Dataset extract START
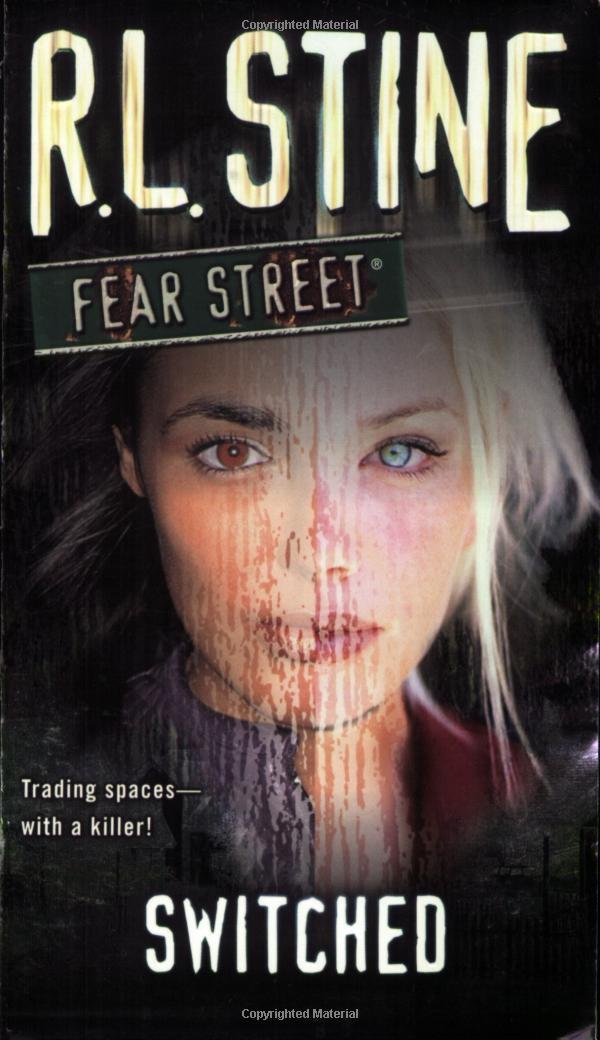Switched (Fear Street, Band 9) Contemporary literature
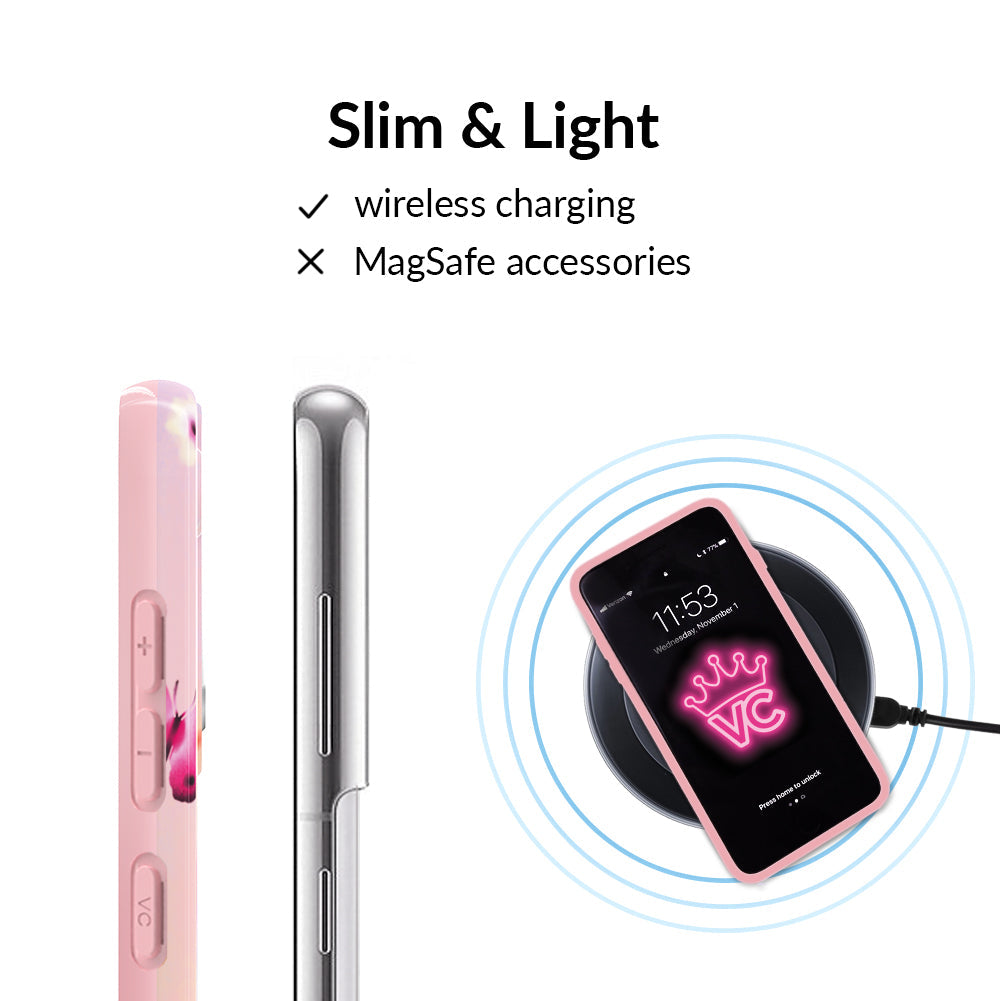 Aura Butterfly Samsung Case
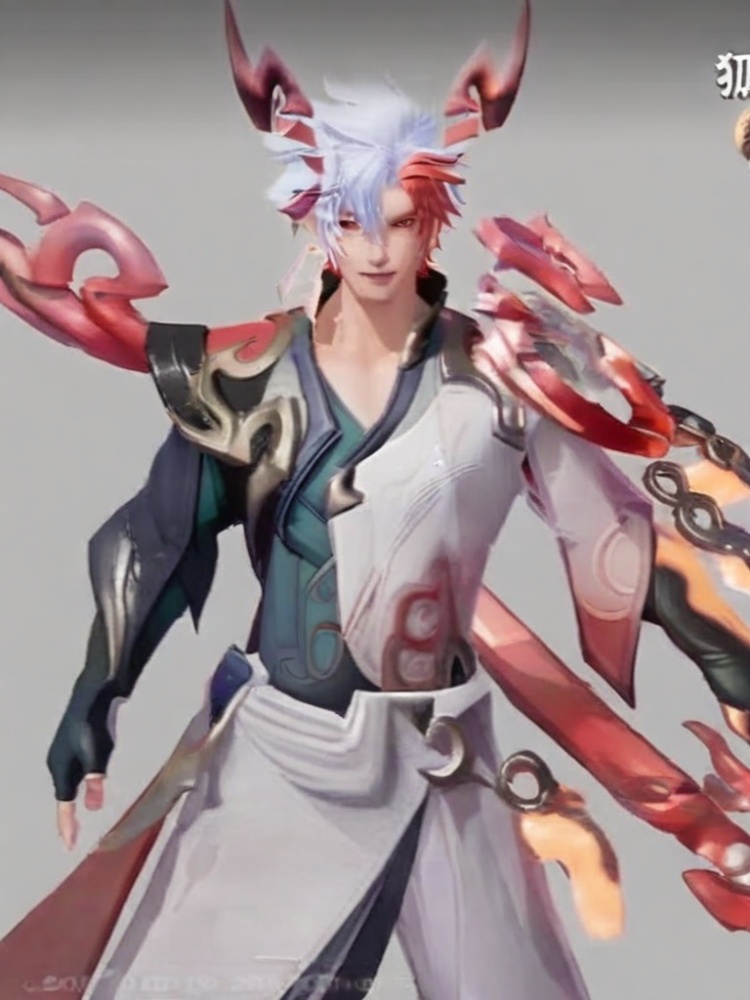 孙策 by 叫我妹妹 on Tensor.Art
Dataset extract END
▶ [Activity]:
All the lines above are to be given again exactly as they read, with the pictures removed.

▶ [Reply to the exercise]:
Switched (Fear Street, Band 9) Contemporary literature
 Aura Butterfly Samsung Case
 孙策 by 叫我妹妹 on Tensor.Art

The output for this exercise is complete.